Become Whom God Intended You To Be



“A man returned to work in a place from which he had been fired several months previously. A fellow worker remembered how inconsistent he had been in the past but now his work was superior so he asked him, "What happened to make such a difference in you?" The man told this story. In college, initiation into our fraternity required new members to stand in the middle of a long stretch of country road whilst a car drove straight at them. Their challenge was to stand firm until a signal was given to jump out of the way. One dark night I was driving and when the signal was given everyone jumped clear-- except one boy. I left college after that, later married, and had two children but the look on that boy's face as I passed over him stayed in my mind and I became hopelessly inconsistent, moody, and finally a problem drinker. My wife had to work to bring in the only income we had. I was drinking at home one morning when someone rang the doorbell and when I opened the door a woman who seemed strangely familiar stood before me. She explained that she was the mother of the boy I had killed years before and that since that day had hated me and spent agonizing nights rehearsing ways to get revenge. Then she told me of the love and forgiveness that had come when she gave her heart to Jesus Christ. She said, "I have come to let you know that I forgive you and I want you to forgive me." I looked into her eyes that morning and I saw deep in them the permission to be the kind of man I might have been had I not killed that boy. That forgiveness changed my whole life.”

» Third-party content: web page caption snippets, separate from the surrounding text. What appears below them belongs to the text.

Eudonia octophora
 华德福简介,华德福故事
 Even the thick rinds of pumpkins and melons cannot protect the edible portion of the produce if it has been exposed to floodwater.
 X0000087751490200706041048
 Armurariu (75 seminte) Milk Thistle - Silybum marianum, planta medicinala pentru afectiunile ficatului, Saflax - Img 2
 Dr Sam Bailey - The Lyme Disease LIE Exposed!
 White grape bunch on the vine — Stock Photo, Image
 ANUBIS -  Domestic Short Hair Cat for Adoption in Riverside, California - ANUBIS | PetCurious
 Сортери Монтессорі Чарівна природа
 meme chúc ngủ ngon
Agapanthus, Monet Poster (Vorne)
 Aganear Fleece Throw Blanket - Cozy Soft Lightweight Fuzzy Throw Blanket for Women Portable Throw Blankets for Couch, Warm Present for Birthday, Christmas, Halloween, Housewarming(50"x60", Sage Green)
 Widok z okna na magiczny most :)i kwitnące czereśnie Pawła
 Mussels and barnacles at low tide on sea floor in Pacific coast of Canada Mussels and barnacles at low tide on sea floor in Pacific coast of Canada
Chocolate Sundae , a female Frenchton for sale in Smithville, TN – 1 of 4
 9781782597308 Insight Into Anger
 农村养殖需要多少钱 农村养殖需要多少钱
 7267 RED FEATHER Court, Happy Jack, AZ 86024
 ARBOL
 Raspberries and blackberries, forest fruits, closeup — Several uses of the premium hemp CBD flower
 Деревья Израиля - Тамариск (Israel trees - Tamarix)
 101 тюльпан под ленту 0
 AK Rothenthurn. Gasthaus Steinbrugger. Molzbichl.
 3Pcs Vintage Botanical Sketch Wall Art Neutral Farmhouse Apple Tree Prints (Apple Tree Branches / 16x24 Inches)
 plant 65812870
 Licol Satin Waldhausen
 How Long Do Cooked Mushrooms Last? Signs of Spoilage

The relationship between man & God was broken by sin and could only be restored through forgiveness. God offered his gift of forgiveness in the person of his son Jesus who was born on the first Christmas morning. 

That first Christmas morning, God gave the world the best he had to meet our greatest need – forgiveness – the permission to be the kind of person God intended us to be.

"If our greatest need had been information, God would have sent us an educator. If our greatest need had been technology, God would have sent us a scientist. If our greatest need had been money, God would have sent us an economist, but since our greatest need was forgiveness, God sent us a Saviour."

“If we confess our sins, he is faithful and just and will forgive us our sins and purify us from all unrighteousness.”                                                (1 John 1:9)

Whatever your year has been like, whatever may unfold in the coming year for you, remember this unchanging truth, forgiveness, from God to you or from you to others, gives you the permission to be the kind of person God intended you to be.